--graph_parallel_option_path
Description
Specifies the path and name of the algorithm-based partitioning policy configuration file when the original foundation model is partitioned.
See Also
- The path of the partitioning policy configuration file must be configured and can be configured only after distributed build is enabled by --distributed_cluster_build and the partitioning function is enabled by --enable_graph_parallel. That is, the --graph_parallel_option_path parameter is mandatory.
- --cluster_config is required in the algorithm-based partitioning scenario.
Argument
Argument: Directory (including the name) of the partitioning policy configuration file.
Format: The directory (including the file name) can contain letters, digits, underscores (_), hyphens (-), periods (.), and Chinese characters.
Restrictions: The content in the configuration file must be in JSON format.
Suggestions and Benefits
None
Example
atc --distributed_cluster_build=1 --cluster_config=./numa_config_2p.json --model=./matmul2.pb --enable_graph_parallel="1" --graph_parallel_option_path=./parallel_option.json --soc_version=<soc_version> --output=test_parallel --framework=3 --log=debug
The following is an example of the partitioning policy configuration file:
- Semi-automatic partitioning
{ "graph_parallel_option": { "auto": false, "opt_level": "O1" "tensor_parallel_option": { "tensor_parallel_size": 2 }, "tensor_sharding":{ "optimizer_state_sharding": true, "gradient_sharding":true, "model_weight_sharding": true, "model_weight_prefetch": true, "model_weight_prefetch_buffer_size": 50 } } } - Automatic partitioning
{ "graph_parallel_option": { "auto": true } }
The parameters are described as follows:
- auto: true for automatic partitioning; false for semi-automatic partitioning.
- opt_level: Tensor Parallel solution algorithm. The value can be O2 (ILP algorithm) or O1 (DP algorithm). If this parameter is not set, O2 is used by default.
- tensor_parallel_option: Enables TP partitioning.
TP partitioning: Tensor Parallel, also called Intra-Op Parallel, partitions the tensor of each operator in a computational graph along one or more axes (batch/non-batch). The obtained partitions are distributed to each device for computation.
- tensor_parallel_size: TP size, that is, the number of device processors to be configured.

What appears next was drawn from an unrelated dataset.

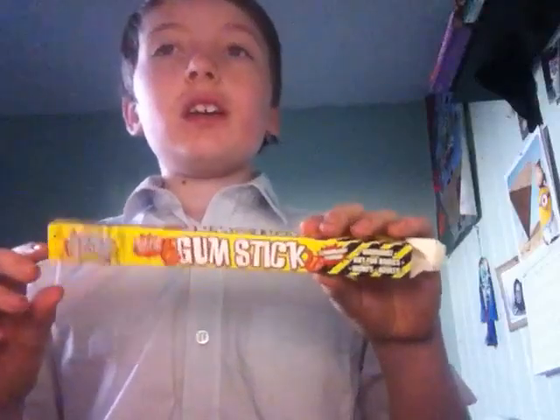It's alright. It's kind of sour but it isn't too sour. This is actually bubblegum so obviously I won't swallow it. I'm going to spit it out now because I'm going to try another one. It's okay — it's a bit sour but not too sour.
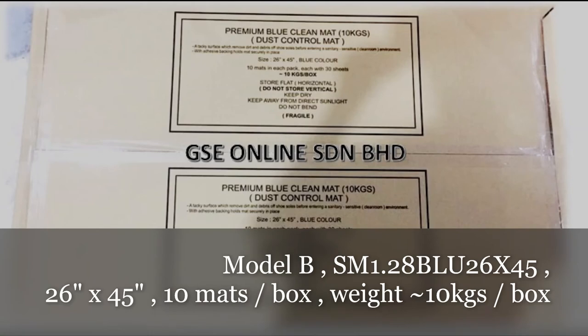Model B: SM 1.28 BLU 26x45, size is 26 x 45 inches, blue colour, 10 mats per carton box, gross weight around 10 kg.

The value of this parameter must be the same as that in the --cluster_config topology file.
- optimizer_state_sharding: Enables optimizer sharding. true: enabled; false: disabled.
- gradient_sharding: Enables gradient sharding. true: enabled; false: disabled.
- model_weight_sharding: Enables weight sharding. true: enabled; false: disabled.
- model_weight_prefetch: Enables weight prefetching. true: enabled; false: disabled.
- model_weight_prefetch_buffer_size: Specifies the cache size for weight prefetching.
Applicability
Dependencies and Restrictions
None